Polished concrete — architectural floor, structural slab.

Mechanically polished concrete floors for residential and commercial interiors. The structural slab is the finish — no overlay, no coating. Sealed with penetrating densifiers and finished to the gloss level you specify.

Polished concrete — architectural floor, structural slab.

How polishing works

Polished concrete is achieved through a series of progressively finer diamond-grinding passes on the cured slab. We start at coarse grit (around 30 grit) to flatten the surface and expose aggregate where required, then work through medium and fine grits up to 800–3000 grit depending on the gloss level called.

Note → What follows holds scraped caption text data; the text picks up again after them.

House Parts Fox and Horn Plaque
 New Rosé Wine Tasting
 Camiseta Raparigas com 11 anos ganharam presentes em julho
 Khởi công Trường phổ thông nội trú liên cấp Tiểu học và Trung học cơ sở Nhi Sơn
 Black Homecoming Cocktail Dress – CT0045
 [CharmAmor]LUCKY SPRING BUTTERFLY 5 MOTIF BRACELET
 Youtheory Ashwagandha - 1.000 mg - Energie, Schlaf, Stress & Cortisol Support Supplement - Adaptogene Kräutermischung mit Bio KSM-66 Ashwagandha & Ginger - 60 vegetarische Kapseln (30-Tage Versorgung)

Between passes the surface is densified with a chemical hardener (sodium or lithium silicate) that reacts with the calcium hydroxide in the cement to create a denser, harder surface. The result is a floor that's genuinely polished — not coated.

Aggregate exposure levels

  • Cream finish. Minimal grinding. The cement cream at the surface is polished — no aggregate visible.
  • Salt-and-pepper. Light grinding exposes the sand fines. Subtle texture, no large aggregate.
  • Full aggregate. Deeper grinding exposes the large aggregate (typically 7–14mm stones). Strong visual statement, very durable.

Gloss levels

Three standard gloss levels: matte (400 grit), satin (800 grit), and high-gloss (1500–3000 grit). Each requires more grinding passes — and proportionally more cost. Commercial retail and showrooms often go high-gloss for the visual impact; residential typically lands at satin for a more liveable surface.

Standards we work to

  • CPAA polished concrete classification (Australia)
  • AS/NZS 4586 — Slip resistance

From our sites

Common questions

Can any concrete slab be polished?

Most can, but the result depends heavily on slab quality. New slabs intended for polishing are placed with that in mind — denser mix, better curing, careful trowelling. Polishing an older slab not designed for it is possible but the result is variable.

How does it compare to epoxy?

Polished concrete is the slab itself, not a coating, so it can't delaminate. Lasts indefinitely with periodic re-polish. Epoxy coats the surface — cheaper, faster, but eventually wears or peels.

How long does it take?

Typical residential polish (100–200 m²) takes 3–5 working days depending on gloss level and aggregate exposure required.